The circumstances in the present case differ somewhat from those in Miranda and Witt. Each of those cases involved claims with a statutory cap on damages under the Fair Debt Collection Practices Act. Calculation of damages in the present matter, which primarily asserts claims under the Fair Labor Standards Act, is of a more nuanced nature, because there is not a similar statutory cap on damages. Further, the Second Amended Complaint [#21] does not contain a demand for a specific dollar amount with which to compare the amounts offered by Defendant to Plaintiffs Martinez and Wolfe. Although Defendant argues that the evidence supports its assertion that it has offered the maximum amount Plaintiffs can recover, Plaintiffs contest this assertion and argue that the present evidence and uncompleted discovery demonstrates otherwise. The Court is not inclined to enter judgment as in Miranda or Witt under these differing circumstances.

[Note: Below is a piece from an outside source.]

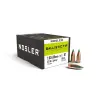 Střely Nosler Ballistic Tip Hunting 7,62mm, dia .310, 123grs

Determining the maximum amount of damages to which Plaintiffs Martinez and Wolfe are entitled is an issue better suited for summary judgment motions practice (if Defendant is correct that there is no issue of material fact) or for the trier of fact (if Plaintiffs Martinez and Wolfe are correct that there is or will be an issue of material fact upon the completion of discovery).

IV. Conclusion

Based on the foregoing,

IT IS HEREBY ORDERED that the Motion [#50] is DENIED.